Mrs. Higgins lived with her legless brother and her blind husband in a tall, narrow old house in Nottingham. The room I rented from her in the 1950s was just below her sitting room, where she kept a life-size portrait of Lenin. She embraced Communism with the same uncritical enthusiasm with which she welcomed her lodgers. Every Thursday night she hosted a meeting of the local Communist society, and in my room below I would hear the stamp of feet and the muffled chorus of some rousing song. At Christmas, Mrs. Higgins sent me a card with a procession of skeletons marching across the front, carrying a black coffin with the word capitalism painted on it. The message beneath read: Happy Christmas!
Mrs. Higgins’ brother Fred had lost his legs in the war. He had two artificial ones that he hated wearing, so at home he went swinging about on his stumps. At night I would feel my way up the winding, windowless staircase, and I never got used to meeting Fred’s legless torso thumping his way down from step to step for a late-night cup of cocoa.
The kitchen was a dark, gloomy cavern in the basement. The only light came from a dangling bulb in a plum-coloured shade, heavy with tassels, which swung slowly back and forth over the table, sending grotesque shadows into the corners of the room. Here Mrs. Higgins’ blind husband spent most of his days in the company of the family cat, a large tabby. Mr. Higgins would sit at the table eating his meals out of a large roasting pan, while the tabby sat at his elbow, daintily licking from the same pan. It was Mrs. Higgins’ habit, after she’d made a good fry-up—a daily occurrence—to put the greasy skillet on the floor for the tabby to lick clean. Then the skillet would go back on the stove for the next meal. I tried not to visit the kitchen too often, and when I did, I was thankful for the dim lighting.
Mrs. Higgins loved to make ginger beer.
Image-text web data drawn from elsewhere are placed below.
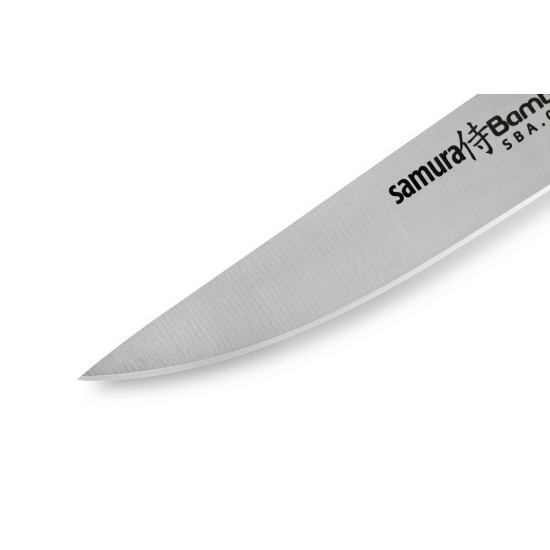 Нож стейковый Samura Bamboo, 110 мм. (SBA-0031) Нож стейковый Samura Bamboo, 110 мм. (SBA-0031)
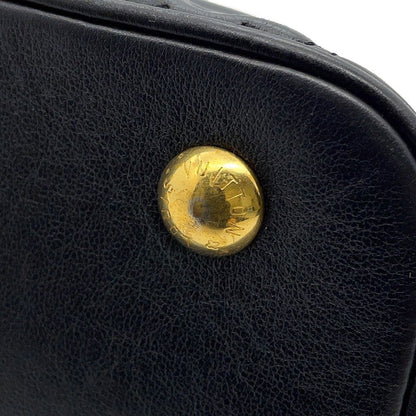 Louis Vuitton Bubble Glam Alma Soft BB 2-Way Shoulder Bag Black — view 8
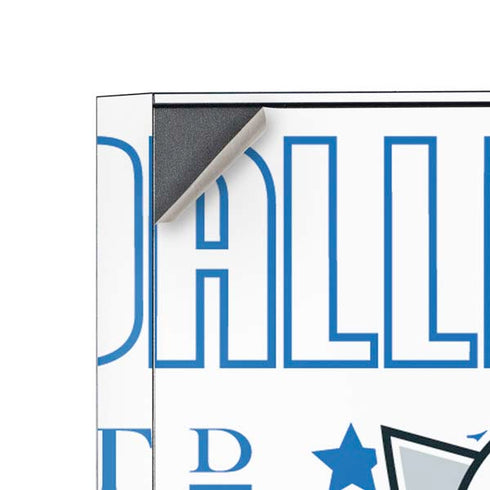 NBA Dallas Mavericks Historic Blast Corsair 4000D Tempered Glass Mid-Tower ATX Case Skin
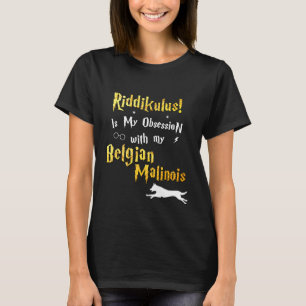 Camiseta Malinois Riddikulus belga Malinois
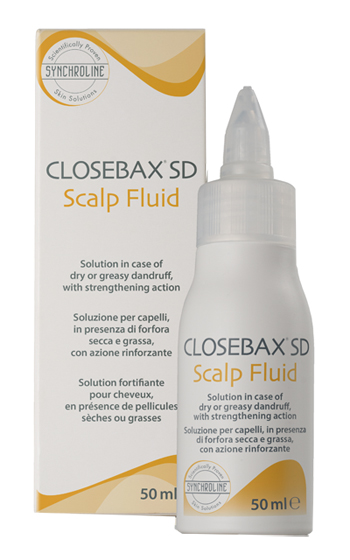 CLOSEBAX SD SCALP FLUID 50 ML - Fontenova srl
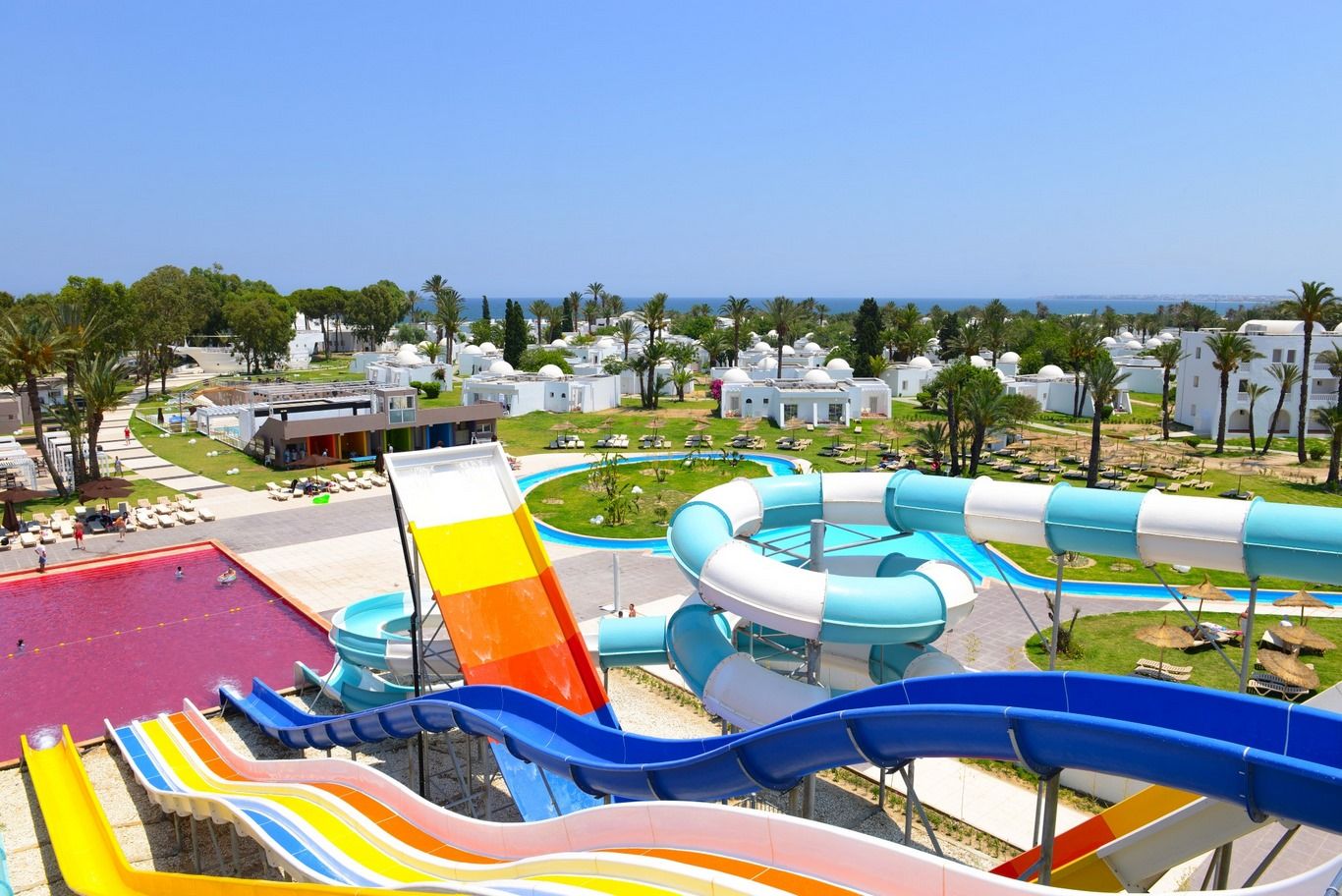 ONE RESORT AQUA PARK & SPA 4*(NL) pas cher photo 1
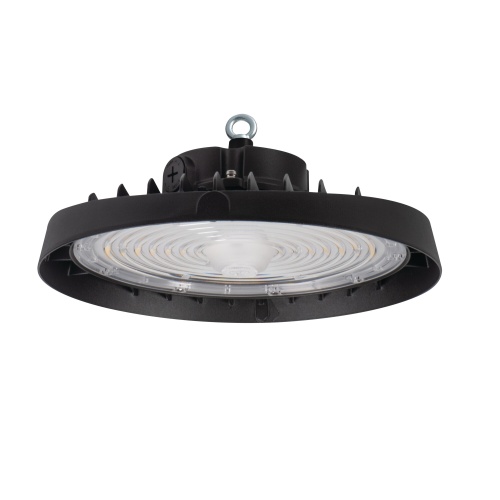 Oprawa przemysłowa High Bay LED HB PRIME B regulowana 200/160/120W 37000/29600/22200lm 4000K IP65 IK08 kolor czarny 5 lat Gwar.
She produced vast quantities of it, and because the house was short of storage space, she kept most of it on a long row of shelves under the window in my room. Unfortunately she hadn’t got the corking procedure down quite right, and every so often I would fly out of bed at what sounded like rifle shots as the bottles exploded, one after another. This added considerably to the suspense of my amorous evenings with my boyfriend, who became more jittery every time his attempt at sex was met by a hail of gunfire.
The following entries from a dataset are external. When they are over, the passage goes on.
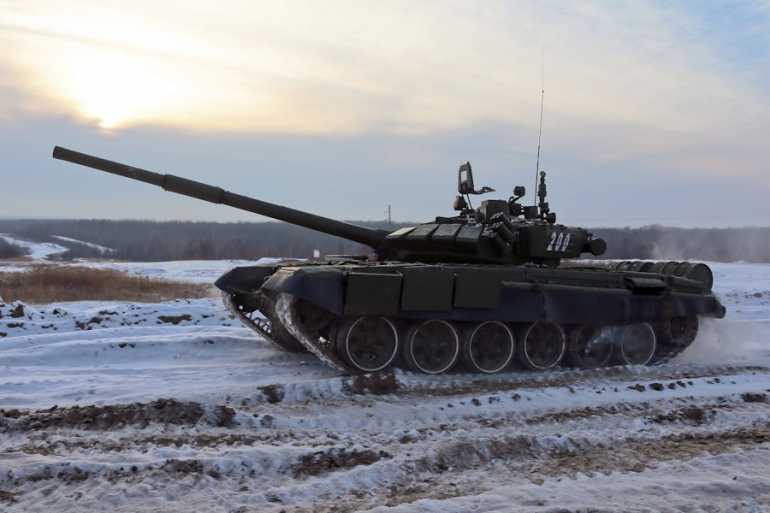 танк в АТО фото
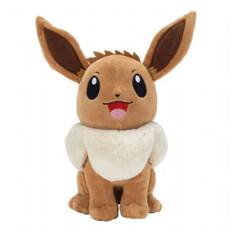 Pokemon Eevee Bamse 30cm Pokemon Plys dyr 481850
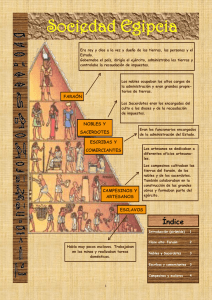 Sociedad del Antiguo Egipto: Estructura y Roles Sociales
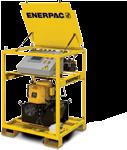 Heavy Lifting Powered by Enerpac Controlled Hydraulic Movement At Enerpac, we specialize in designing high-pressure hydraulic systems required for the controlled movement of large, heavy structures.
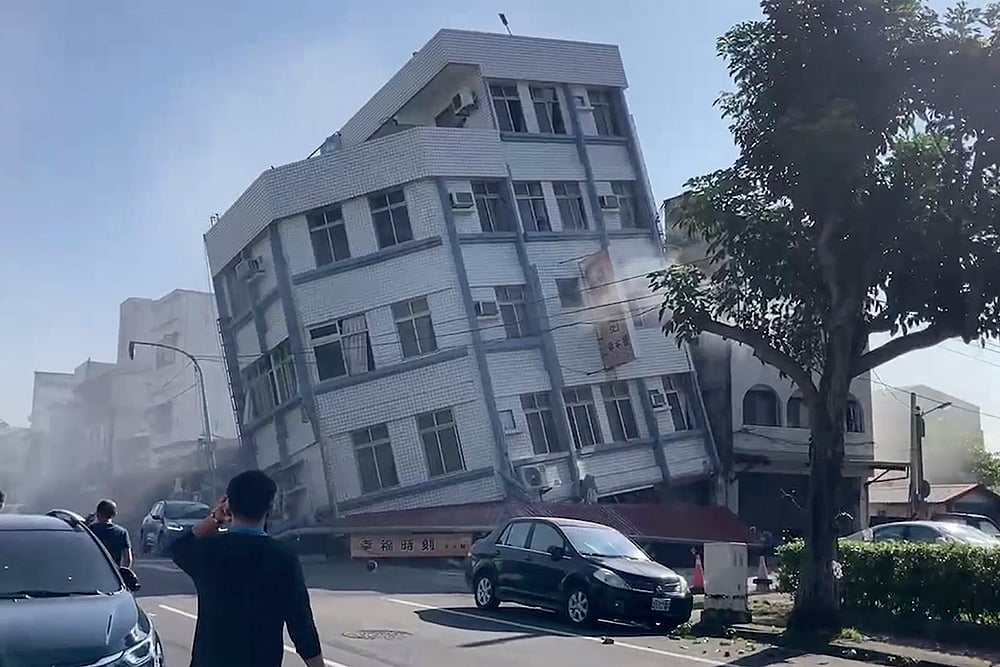 Taiwan Earthquake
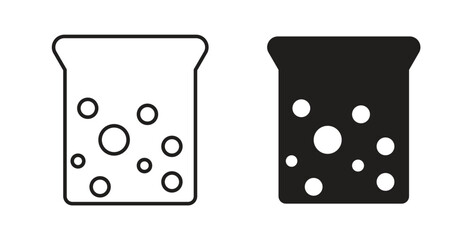 Hard Water icon for web and app. vector illustration eps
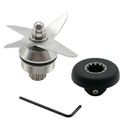 Blender Wet Blade Replacement Assembly with 891 Drive Socket 1151 1152 STM102R 104675-1 Compatible with Vitamix 500 5200 6300 VM0103 Standard 1195 15504 15643 15652 58625 58805 64oz and 32oz Container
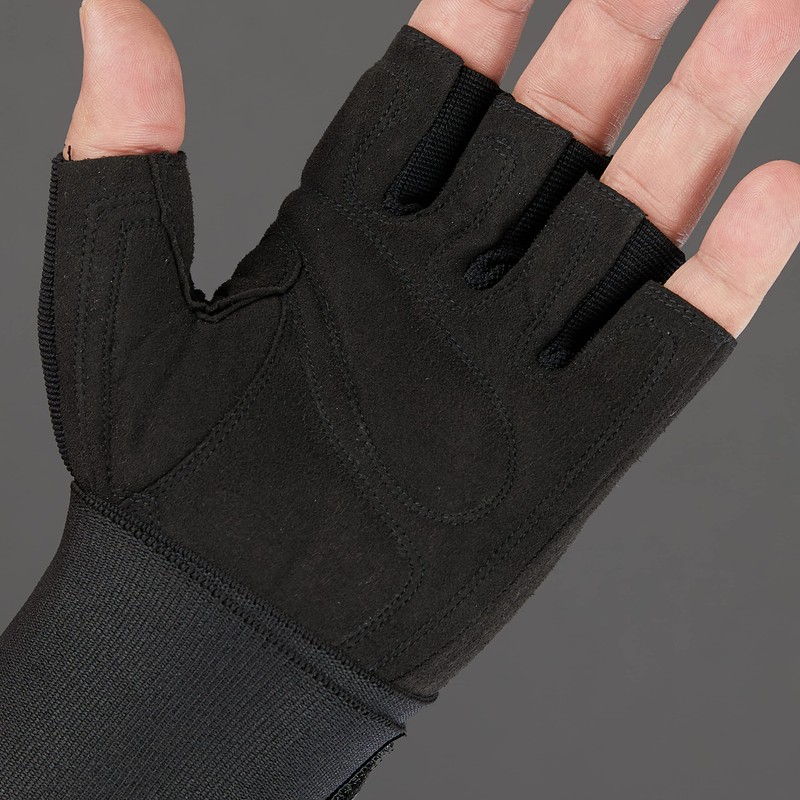 Chiba Unisex's Wrist Protect III Glove, Black, X-Large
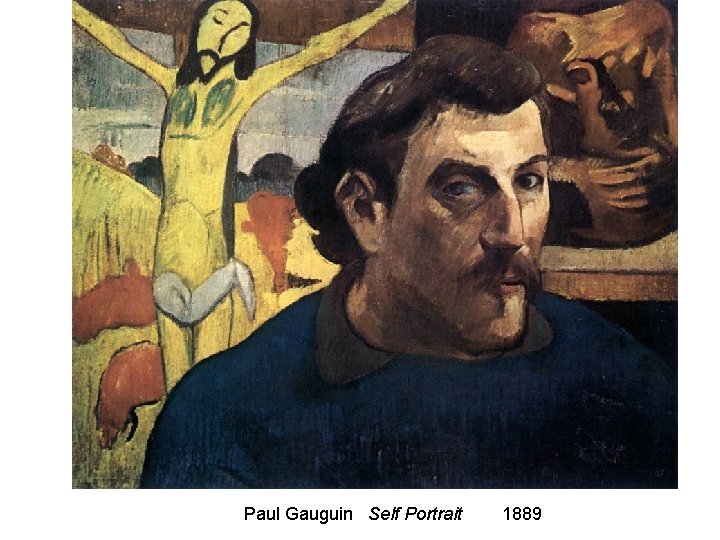 Paul Gauguin Self Portrait 1889 
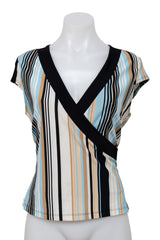 #100 Le Chateau Top White | c. 208 | Size 12/14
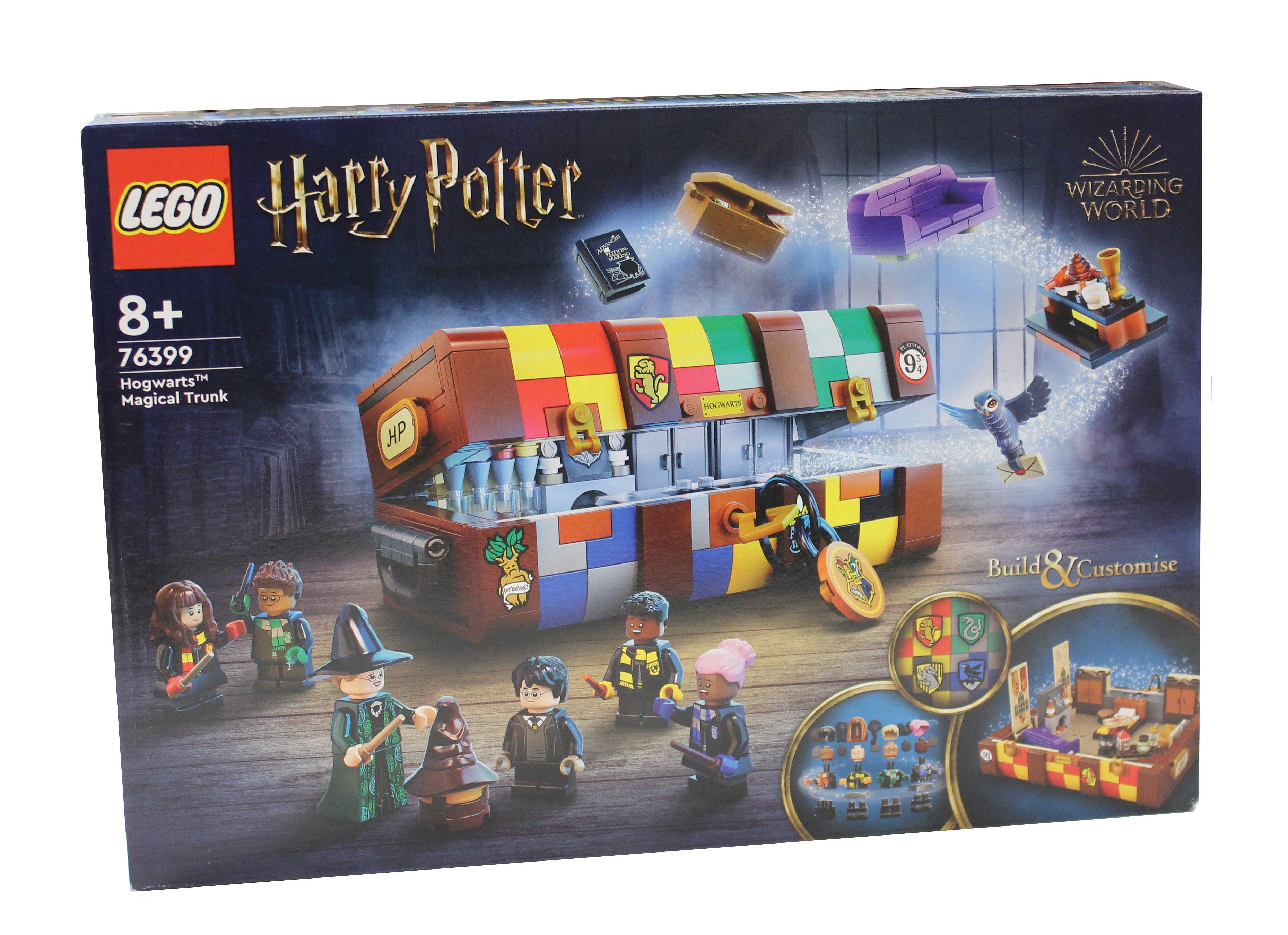 LEGO® Harry Potter Hogwarts Zauberkoffer (76399) Spielbausteine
But everything is relative, as I realized when I began to spend vacations in Glasgow with my grandmother. She was a dour Scot who believed that life was grim, and that whatever you did, the important thing was not to enjoy it. Fortunately, when visiting her, that was not difficult.
The only warm room in the house was the kitchen. A vast cast-iron stove almost covered one wall and some hellish brew was always bubbling over the fire. Usually it was boiled mutton, a big vat of greasy grey water with fatty lumps of sheep floating on the surface. Nothing else—no onions, no carrots, not even salt and pepper. It was served in vast white soup dishes. The experience of forcing it down was not for the faint of heart. Hanging on the wall above the kitchen table as we ate was a murky painting of some Highland cattle, doomed forever to huddle together shivering in some frigid gale.
After a week at my grandmother’s house, I couldn’t wait to return to the genial Mrs. Higgins’ boarding house—legless torsos, chorusing Communists, exploding ginger beer and all.